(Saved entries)
-- -- --
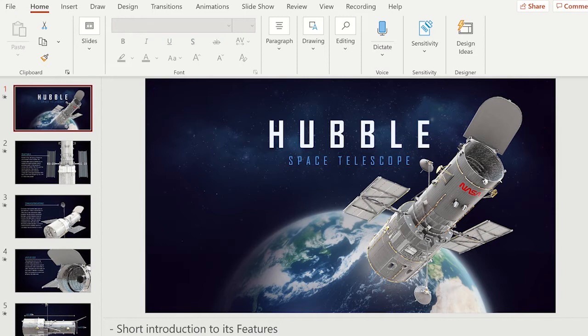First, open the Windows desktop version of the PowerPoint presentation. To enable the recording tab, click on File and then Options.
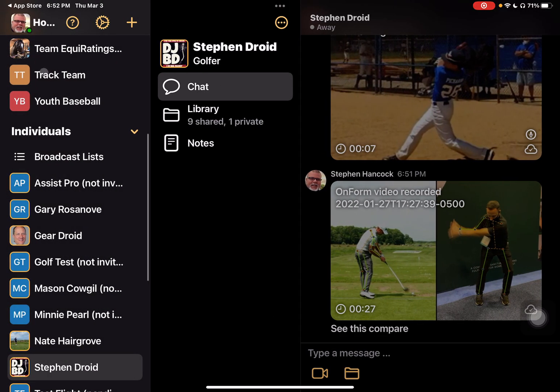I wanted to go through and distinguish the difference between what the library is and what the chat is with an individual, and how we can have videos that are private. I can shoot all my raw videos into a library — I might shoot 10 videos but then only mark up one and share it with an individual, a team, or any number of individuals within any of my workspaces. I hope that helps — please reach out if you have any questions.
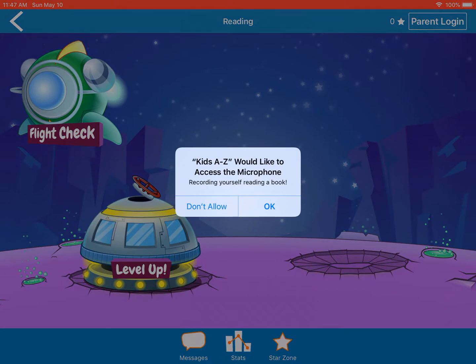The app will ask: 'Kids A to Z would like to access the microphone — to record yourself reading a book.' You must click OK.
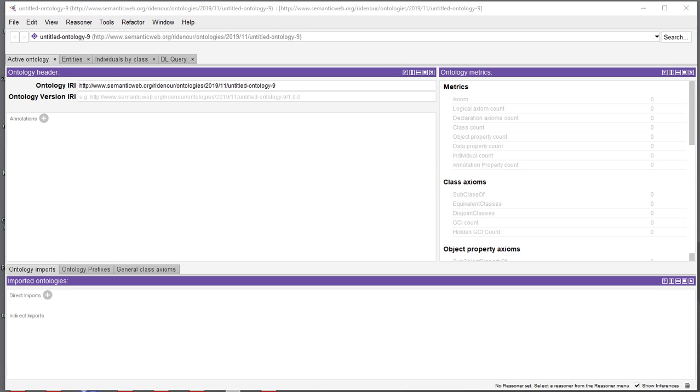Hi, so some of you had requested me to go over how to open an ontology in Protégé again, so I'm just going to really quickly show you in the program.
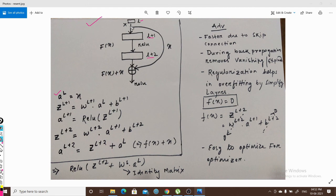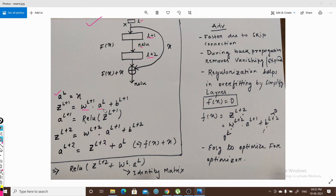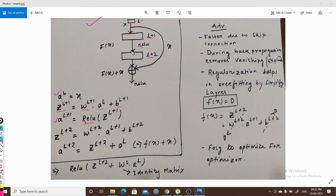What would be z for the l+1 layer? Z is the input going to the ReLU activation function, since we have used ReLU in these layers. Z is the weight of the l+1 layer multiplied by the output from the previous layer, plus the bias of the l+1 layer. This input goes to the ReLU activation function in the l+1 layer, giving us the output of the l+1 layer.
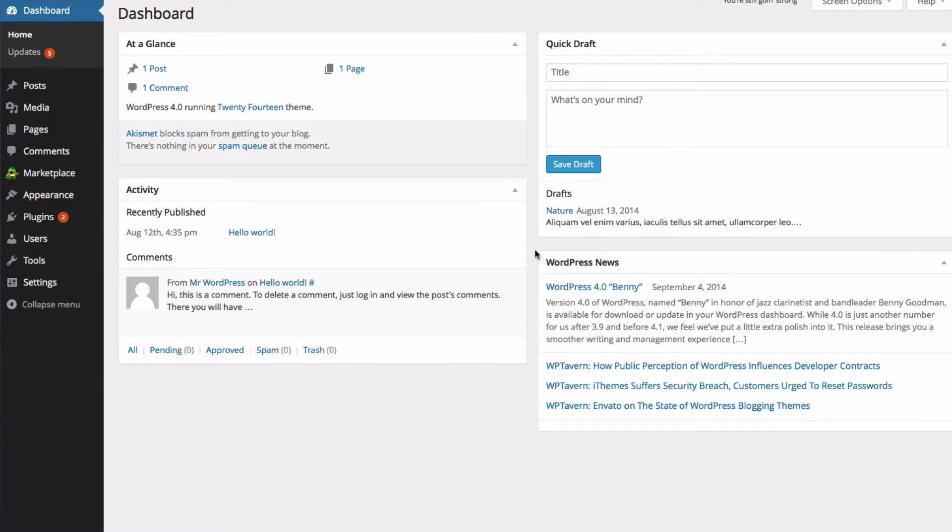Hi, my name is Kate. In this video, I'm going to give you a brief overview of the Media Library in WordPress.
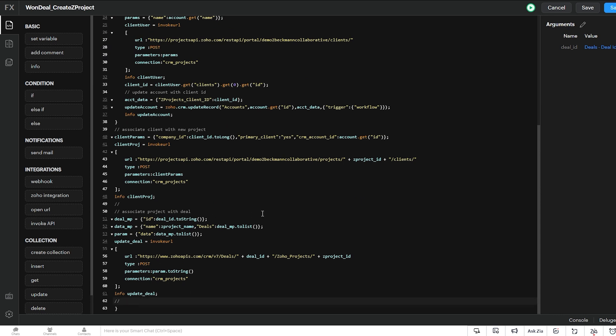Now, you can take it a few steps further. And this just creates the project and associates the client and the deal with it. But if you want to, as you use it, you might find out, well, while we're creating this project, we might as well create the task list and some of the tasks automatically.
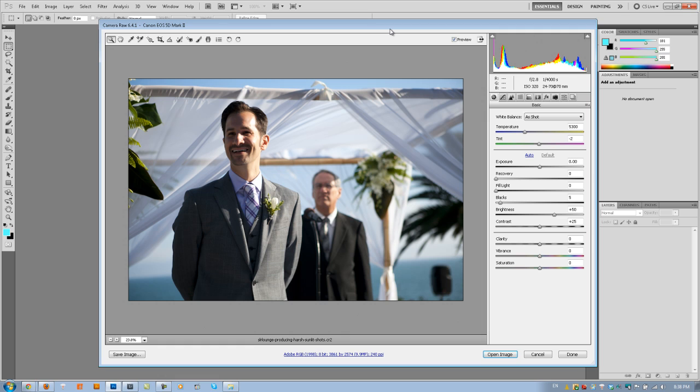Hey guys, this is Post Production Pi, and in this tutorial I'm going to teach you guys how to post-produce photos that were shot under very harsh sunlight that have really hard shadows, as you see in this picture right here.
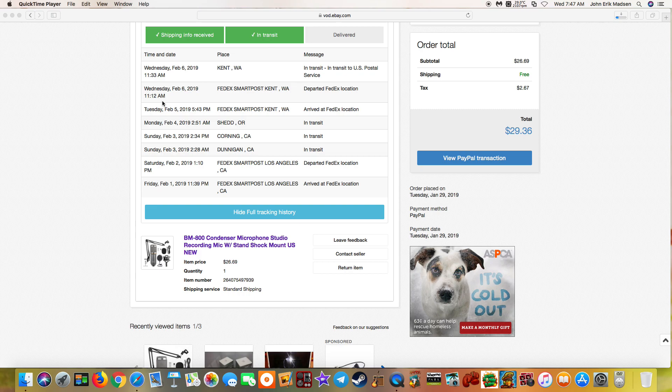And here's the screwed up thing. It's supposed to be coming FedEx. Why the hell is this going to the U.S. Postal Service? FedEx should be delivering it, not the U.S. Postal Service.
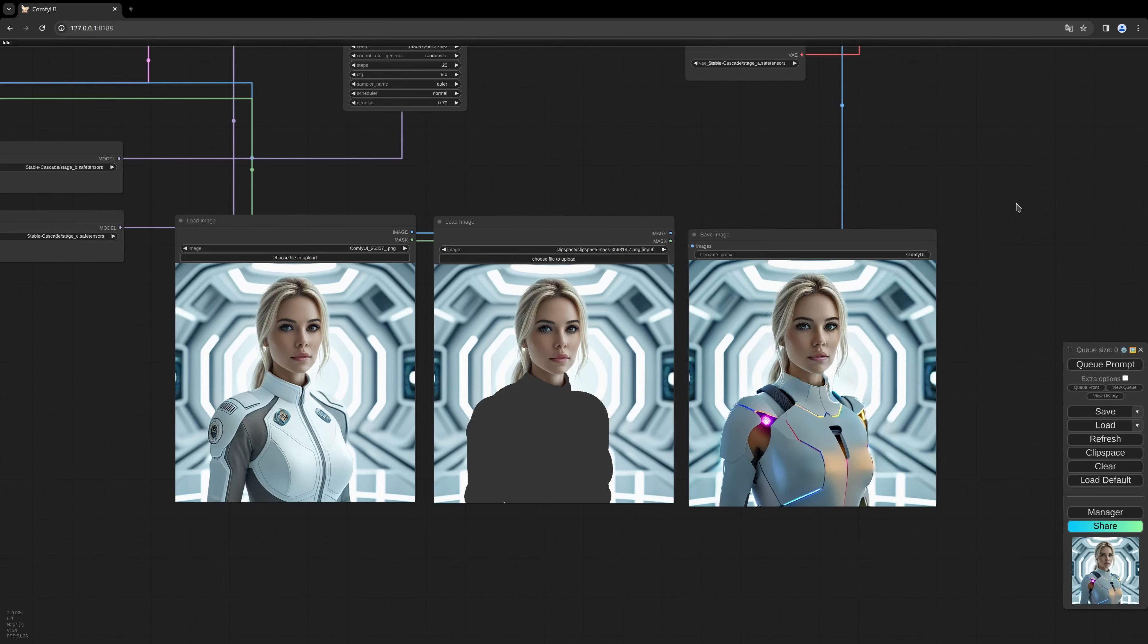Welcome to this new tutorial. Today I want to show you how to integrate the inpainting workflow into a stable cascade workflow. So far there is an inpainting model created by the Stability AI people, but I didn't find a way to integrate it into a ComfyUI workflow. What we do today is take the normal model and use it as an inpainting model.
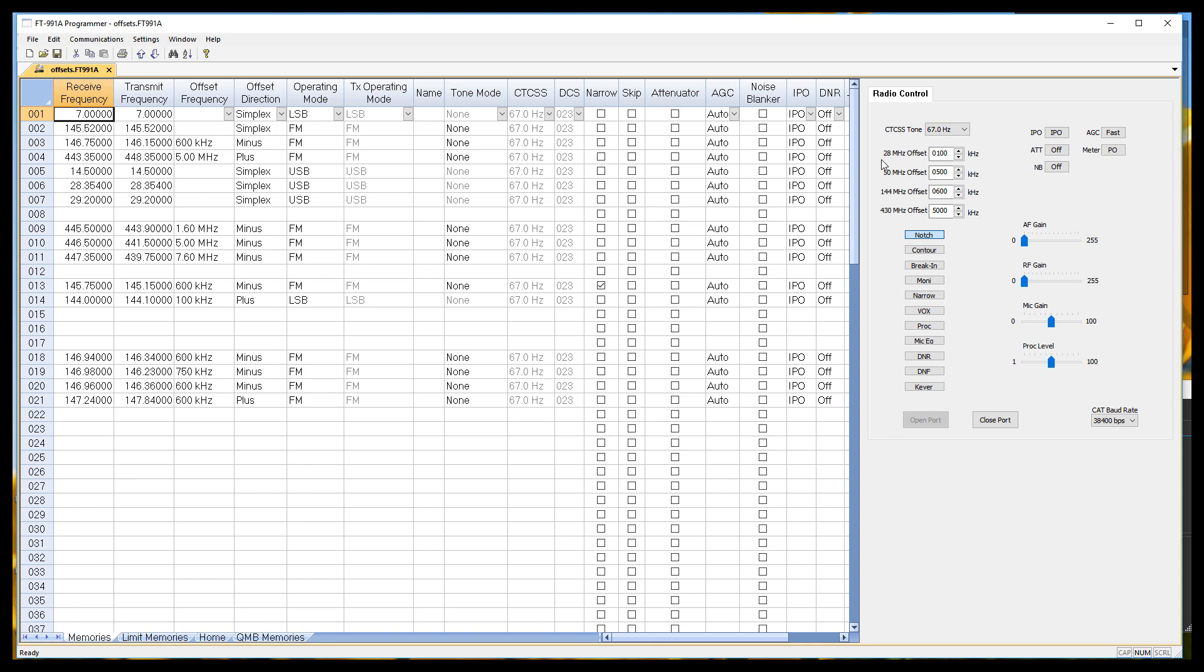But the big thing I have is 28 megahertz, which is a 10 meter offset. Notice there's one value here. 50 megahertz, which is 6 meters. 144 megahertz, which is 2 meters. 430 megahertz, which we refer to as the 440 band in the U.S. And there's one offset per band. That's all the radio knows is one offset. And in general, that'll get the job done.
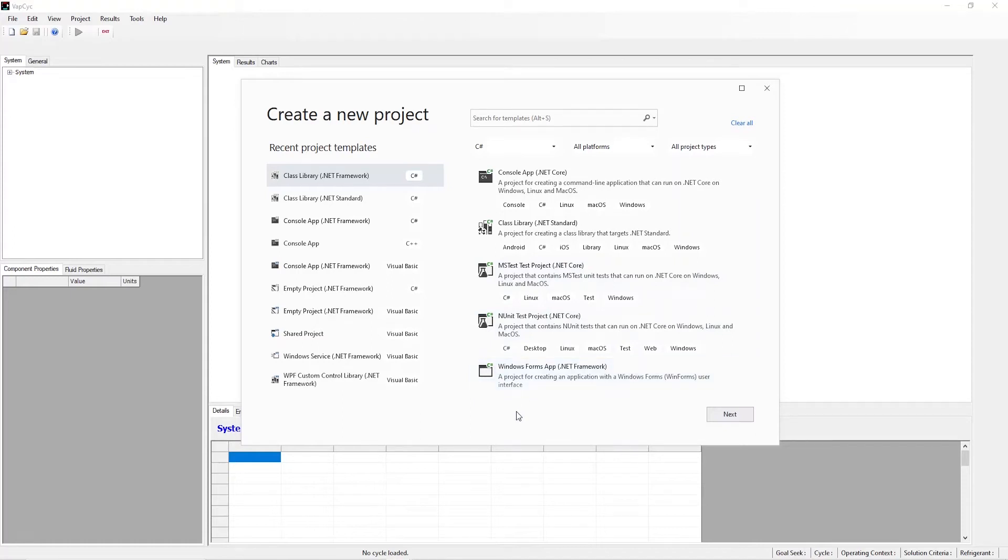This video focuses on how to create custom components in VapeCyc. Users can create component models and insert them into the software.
-- -- --
**The task**
With the pictures set aside, please write out all of the records above exactly.

**Task answer**
First, open the Windows desktop version of the PowerPoint presentation. To enable the recording tab, click on File and then Options.
I wanted to go through and distinguish the difference between what the library is and what the chat is with an individual, and how we can have videos that are private. I can shoot all my raw videos into a library — I might shoot 10 videos but then only mark up one and share it with an individual, a team, or any number of individuals within any of my workspaces. I hope that helps — please reach out if you have any questions.
The app will ask: 'Kids A to Z would like to access the microphone — to record yourself reading a book.' You must click OK.
Hi, so some of you had requested me to go over how to open an ontology in Protégé again, so I'm just going to really quickly show you in the program.
What would be z for the l+1 layer? Z is the input going to the ReLU activation function, since we have used ReLU in these layers. Z is the weight of the l+1 layer multiplied by the output from the previous layer, plus the bias of the l+1 layer. This input goes to the ReLU activation function in the l+1 layer, giving us the output of the l+1 layer.
Hi, my name is Kate. In this video, I'm going to give you a brief overview of the Media Library in WordPress.
Now, you can take it a few steps further. And this just creates the project and associates the client and the deal with it. But if you want to, as you use it, you might find out, well, while we're creating this project, we might as well create the task list and some of the tasks automatically.
Hey guys, this is Post Production Pi, and in this tutorial I'm going to teach you guys how to post-produce photos that were shot under very harsh sunlight that have really hard shadows, as you see in this picture right here.
And here's the screwed up thing. It's supposed to be coming FedEx. Why the hell is this going to the U.S. Postal Service? FedEx should be delivering it, not the U.S. Postal Service.
Welcome to this new tutorial. Today I want to show you how to integrate the inpainting workflow into a stable cascade workflow. So far there is an inpainting model created by the Stability AI people, but I didn't find a way to integrate it into a ComfyUI workflow. What we do today is take the normal model and use it as an inpainting model.
But the big thing I have is 28 megahertz, which is a 10 meter offset. Notice there's one value here. 50 megahertz, which is 6 meters. 144 megahertz, which is 2 meters. 430 megahertz, which we refer to as the 440 band in the U.S. And there's one offset per band. That's all the radio knows is one offset. And in general, that'll get the job done.
This video focuses on how to create custom components in VapeCyc. Users can create component models and insert them into the software.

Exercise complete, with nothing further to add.